Self-assembly of cellular neighborhoods converts stochastic signaling into sustained olfactory neurogenesis

Olfactory neurogenesis occurs continuously throughout the lives of vertebrates, including in humans, and relies on the rapid, unceasing differentiation and integration of neurons into a complex multicellular network. The system-wide regulation of this intricate choreography is poorly understood; in particular, it is unclear how progenitor cells convert stochastic fluctuations in cell-cell signaling, over both space and time, into streamlined fate decisions. Here, we track single-cell level multicellular dynamics in the developing zebrafish olfactory epithelium, perturb signaling pathways with temporal specificity, and find that the continuous generation of neurons is driven by the spatially-restricted self-assembly of transient groups of progenitor cells, i.e. cellular neighborhoods. Stochastic modeling and validation of the underlying genetic circuit reveals that neighborhood self-assembly is driven by a tightly regulated bistable toggle switch between Notch signaling and the transcription factor Insulinoma-associated 1a that is responsive to inter-organ retinoic acid signaling.
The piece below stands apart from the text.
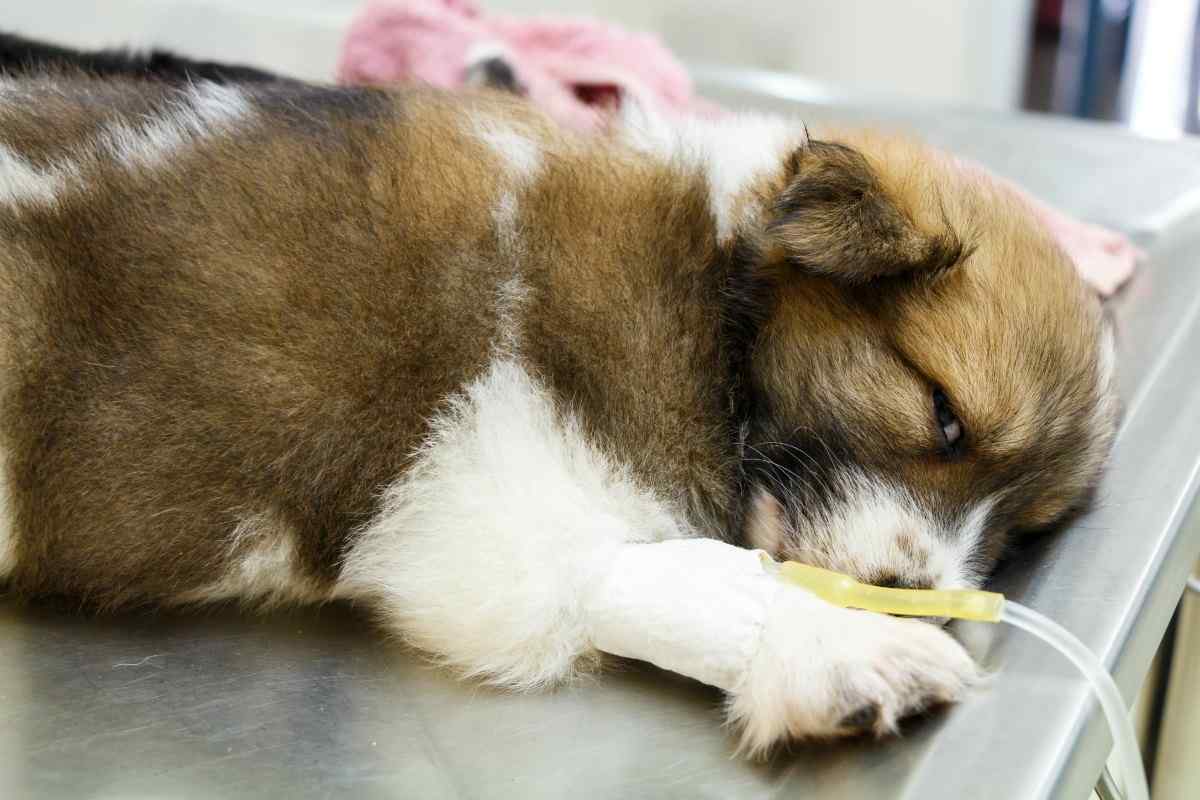 Як лікувати шлунок у собаки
Newly differentiating neurons emerge from neighborhoods and, in response to brain-derived neurotrophic factor signaling, migrate across the olfactory epithelium to take up residence as apically-located, mature sensory neurons. After developmental olfactory neurogenesis is complete, inducing injury results in a robust expansion of neighborhoods, followed by neuroregeneration. Taken together, these findings provide new insights into how stochastic signaling networks spatially pattern and regulate a delicate balance between progenitors and their neuronal derivatives to drive sustained neurogenesis during both development and regeneration.